Additionally, grasping tendencies towards objects that have parallel faces were detected, which can be attributed to the simulated two-finger parallel gripper and a significantly higher number of annotated grasps for this form of objects. This tendency can be minimized in further work by evenly distributing candidate grasps for different objects. Even in test environments with a large number of interfering sources, as shown in Fig. 4, grasps for the target object could be successfully identified.

5 Conclusion

In this work, a cross-disciplinary method for the generation of synthetic grasp data in highly dynamic environments was presented. Methods for geometric object analysis of mesh models, detailed graspability analysis under uncertainty, and techniques for transferring possible grasps into context-based scenes of packed transport boxes from intralogistics are used. The developed toolchain enables further research in grasp planning and execution by a wide range of annotations and offers the possibility to produce targeted data sets for individual problems.
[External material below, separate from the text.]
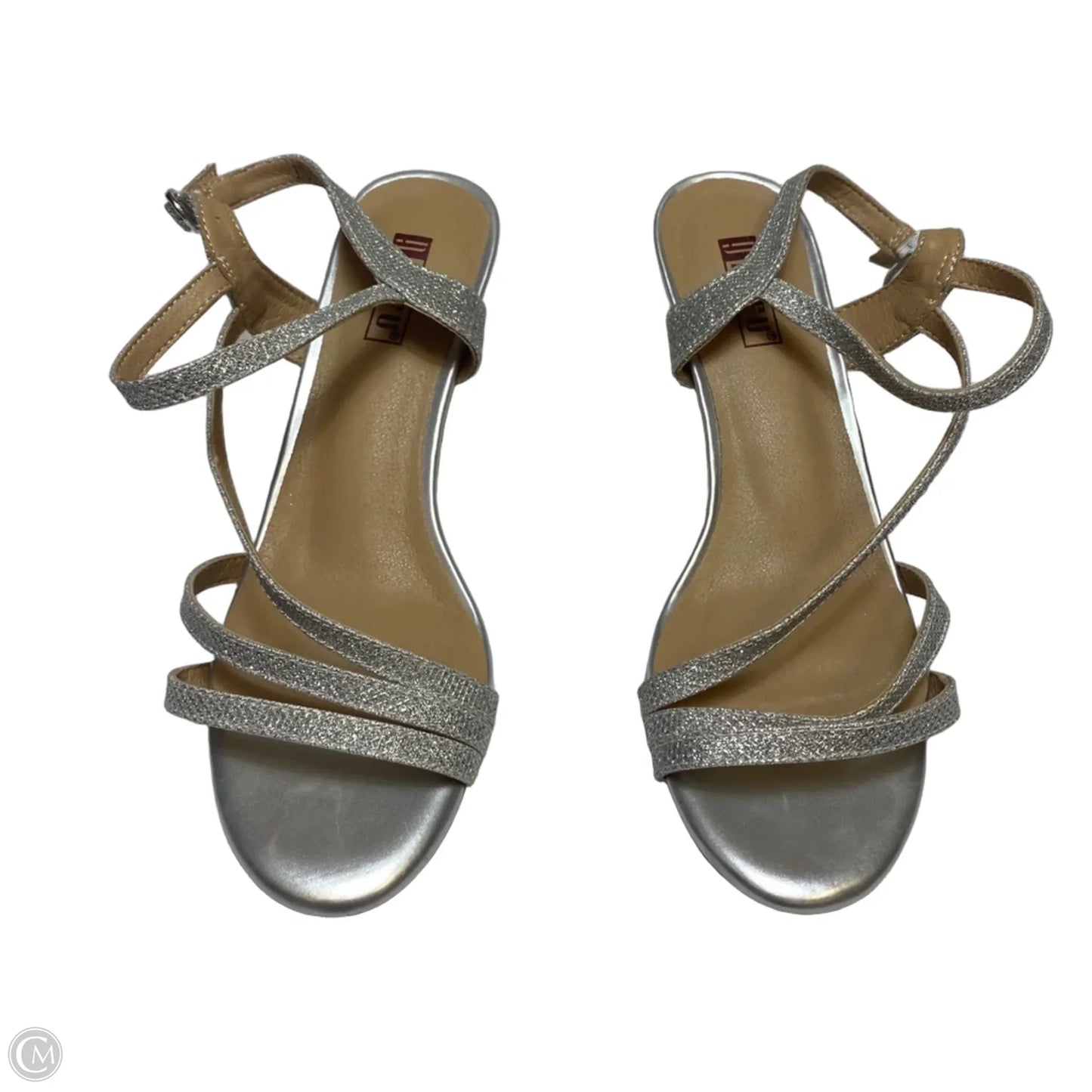Sandals Heels Kitten By Didifu In Silver, Size: 7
Test series have shown that it is possible to identify grasp candidates on real depth images by using only synthetic data in combination with the GG-CNN architecture. The results were robust to sources of interference and offer a promising approach to enable further research in robotic grasping in a highly dynamic environment.

In further research, the developed pipeline can be used to generate grasp data for a wide variety of objects and geometric shapes, to test the dataset with different types of machine learning algorithms.